The UN system has responded to the growing critique forwarded in both policy and research. For example, critique contributed to passage of UN Security Council resolution 1325 (2000), dealing with women, peace, and security, and General Assembly resolution 57/306 on investigating sexual misconduct of peacekeeping staff. Policies, codes of conducts, and training manuals have also been developed to improve interaction with the local population, although these policies remain far from sufficiently implemented.

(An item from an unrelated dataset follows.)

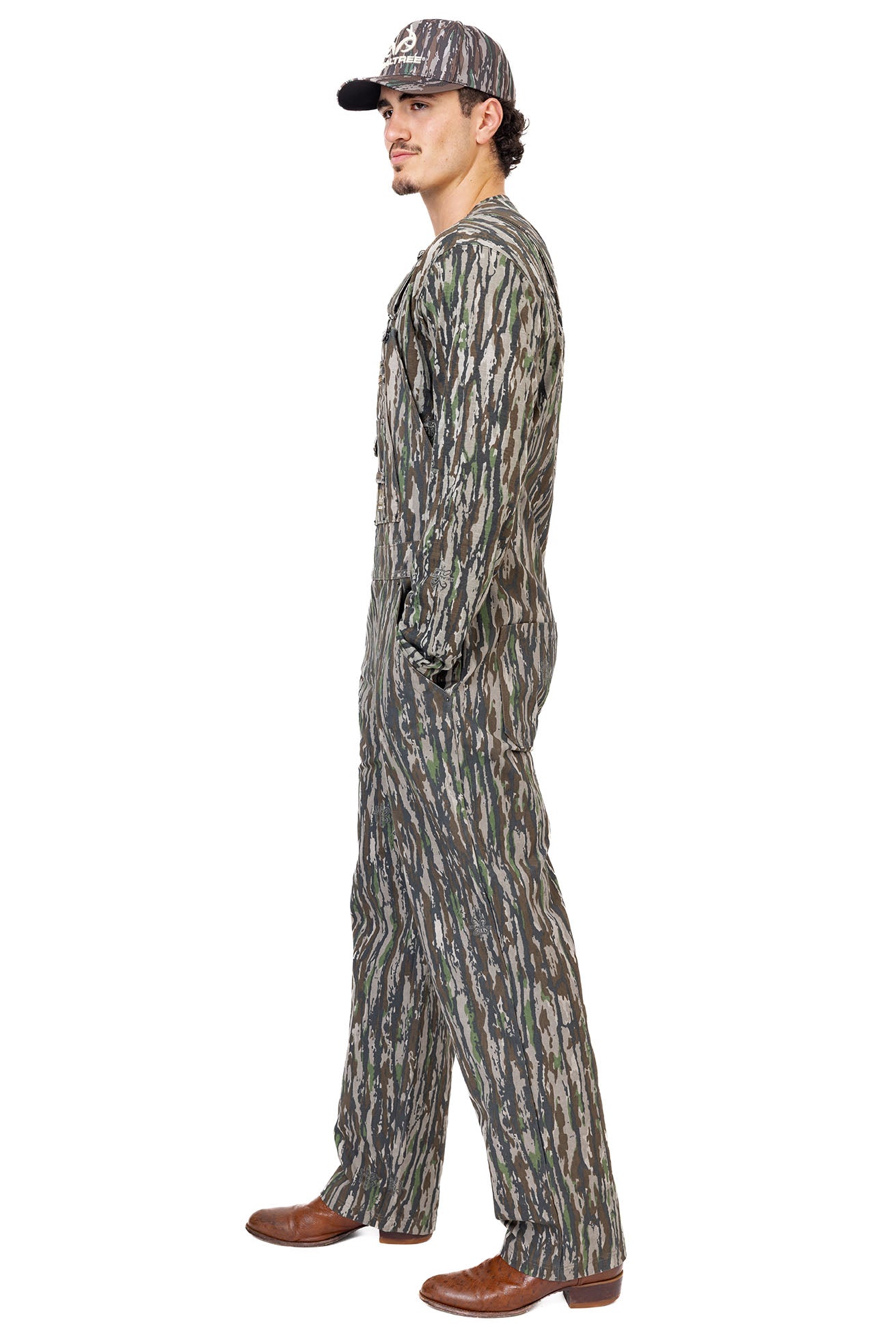 Realtree Canvas Cotton Hunting Bib Overall - Realtree Original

Taken together, peacekeeping operations increasingly attempt to handle local phenomena identified by international law as social problems, such as violence against civilians and humanitarian emergencies. However, for a number of local social problems— ranging from economic and political side effects; human rights abuses and insecurity for vulnerable groups in the host country; and social traumas for children growing up without fathers—peacekeeping is part of the cause. The jury is still out on whether peacekeeping facilitates resolution of the social problem of armed conflict and war.
Bibliography:
- Chandler, David. 2001. “The People-Centered Approach to Peace Operations: The New UN Agenda.” International Peacekeeping 8(1):1-19.
- Cockburn, Cynthia and Dubravka Zarkov, eds. 2002. The Postwar Moment: Militaries, Masculinities and International Peacekeeping: Bosnia and the Netherlands. London: Lawrence & Wishart.

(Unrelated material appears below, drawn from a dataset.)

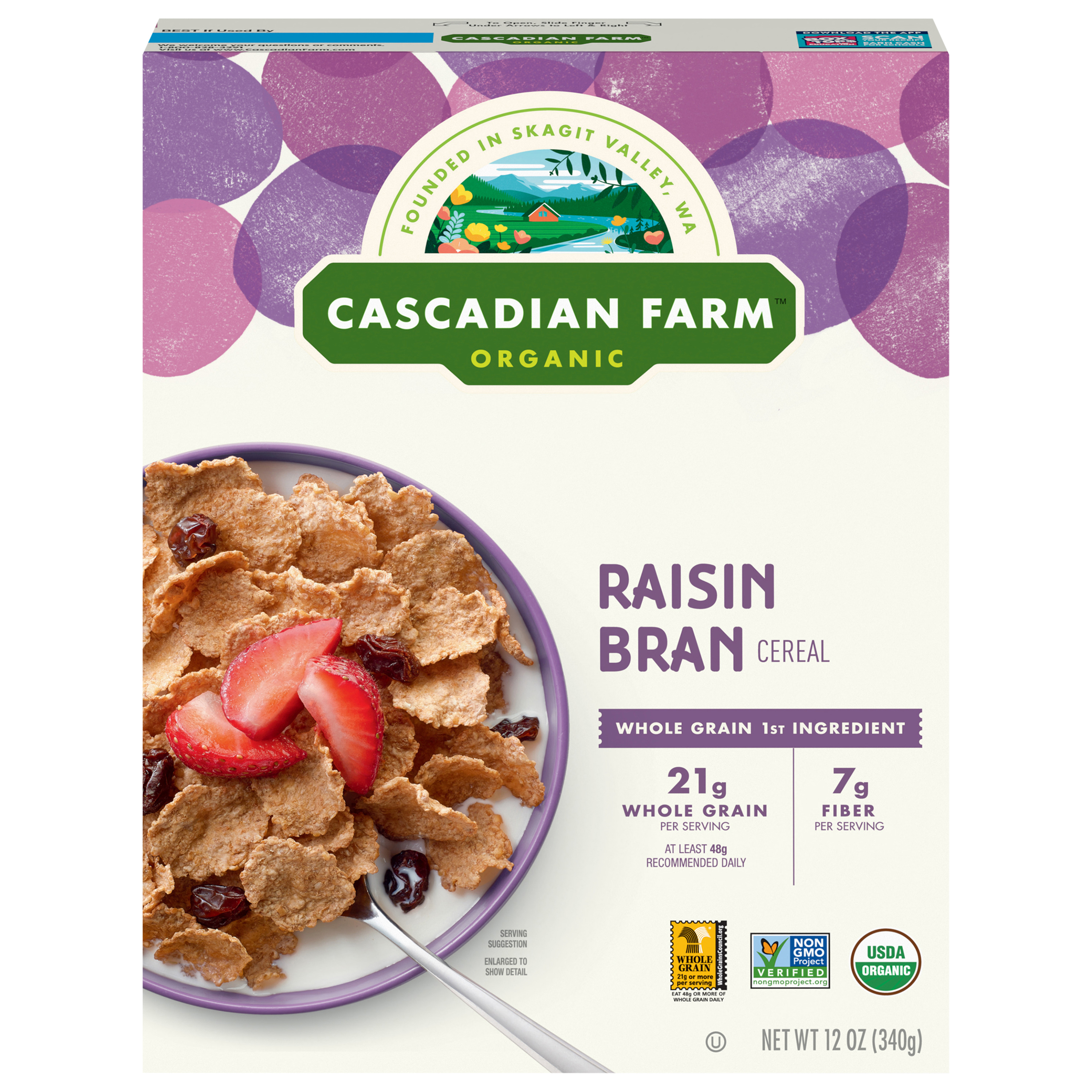 Cascadian Farm Organic Raisin Bran Cereal,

- Durch, William J., ed. 1994. The Evolution of UN Peacekeeping. Houndmills, England, and London: Macmillan.
- Heldt, Birger and Peter Wallensteen. 2005. Peacekeeping Operations: Global Patterns of Intervention and Success, 1948-2004. Sandoverken, Vasternorrland, Sweden: Folke Bernadotte Academy.
- Paris, Roland. 2004. At War’s End: Building Peace after Civil Conflict. Cambridge, England: Cambridge University Press.